En 2015, un groupe de professionnels a créé le collectif « Informer n’est pas un délit » pour œuvrer en faveur de la liberté de la presse écrite, audio-visuelle et en ligne et proposer des réformes. Pendant la dernière campagne présidentielle, il a tenté d’attirer l’attention des candidats autour de cinq priorités : la lutte contre la concentration des médias ; une meilleure protection législative du secret des sources ; la lutte contre les procédures abusives engagées contre des journalistes ; la création d’un délit de trafic d’influence relatif à l’information et le renforcement de l’indépendance des journalistes vis-à-vis des actionnaires ; la facilitation de l’accès aux documents publics pour tous.
Ces propositions détaillées[4]constitueraient en effet la première étape d’un salutaire « Grenelle » de la presse, pour peu que la formule si prisée ne dissimule la faiblesse des mesures. Il faudrait de toute façon aller plus loin encore en s’intéressant au mode de recrutement des journalistes et au système de formation qui enferme dans une logique de rendement. Il faudrait surtout, et c’est là le défi le plus difficile, rompre avec une pensée unique qui, dans les principaux médias publics et privés, ne laisse aucun autre horizon socio-économique que la mondialisation, la société de consommation, la construction européenne et le néolibéralisme.

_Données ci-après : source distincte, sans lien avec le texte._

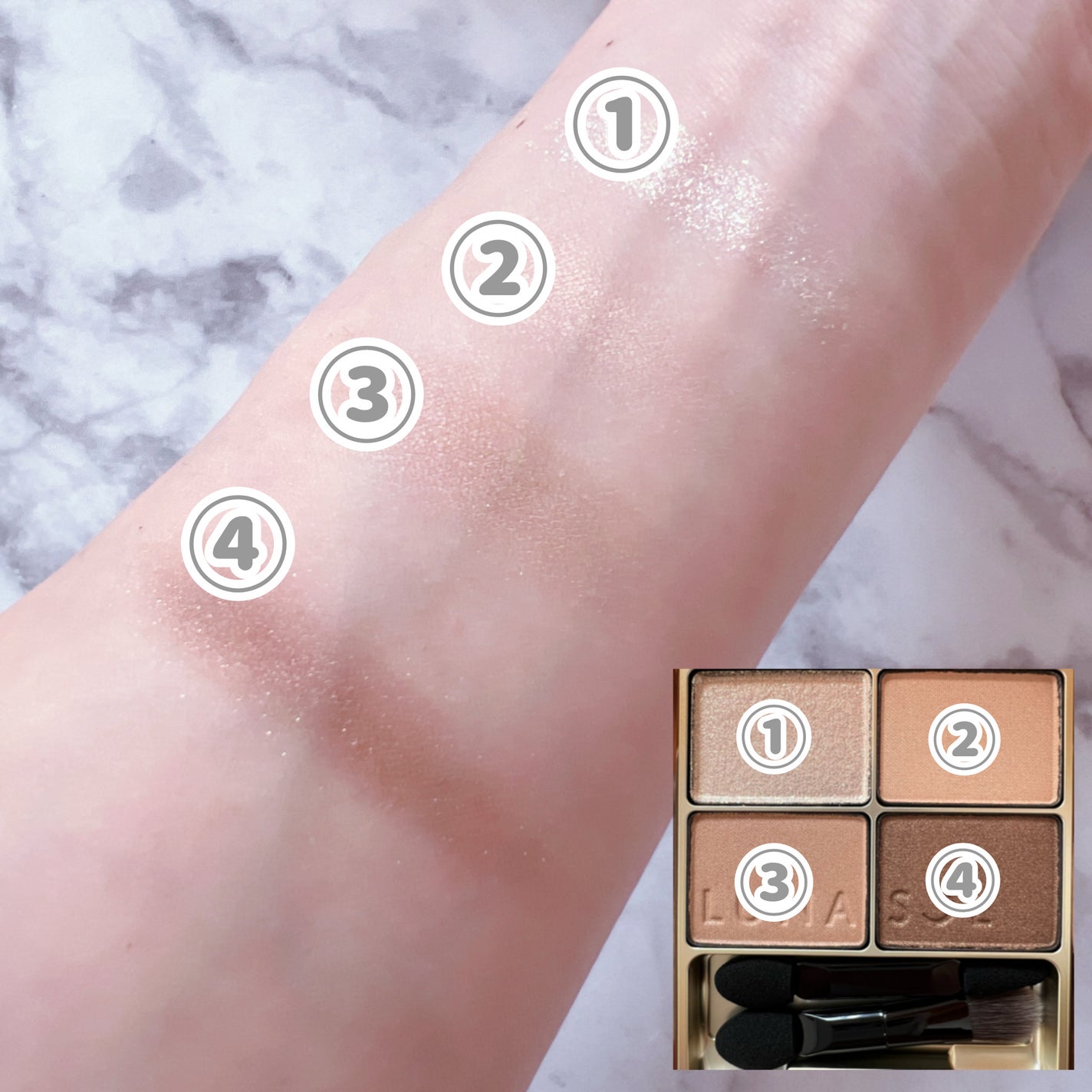 スキンモデリングアイズ/LUNASOL/アイシャドウパレットを使ったクチコミ(2枚目)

Le problème est culturel, donc profond. Seules une prise de conscience générale et de nouvelles générations de journalistes pourront redorer à moyen terme le blason de la presse, remise à sa juste place : au service de la démocratie. Et servir la démocratie n’est pas servir le pouvoir légal ; qu’on se le dise !
Notes :
[1] Serge Halimi, Les Nouveaux chiens de garde, Éd. Raisons d’Agir, 2005, 155 pages.
[2] Alexandre Boudet, « Invité à manger chez François de Rugy, Jean-Michel Aphatie regrette d’y être allé », huffingtonpost.fr, 10 juillet 2019.

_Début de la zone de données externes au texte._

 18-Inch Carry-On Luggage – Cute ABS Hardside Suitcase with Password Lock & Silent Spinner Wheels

[3] Enquête menée par le Reuters Institute, l’Université d’Oxford et YouGov, Digital news report 2019, juin 2019. La France évolue très en-deçà de la moyenne générale, qui se situe à un niveau de 42 % de confiance.
[4] Voir le site du collectif, notamment l’article suivant : « Liberté, égalité, informés : les propositions », 5 avril 2017.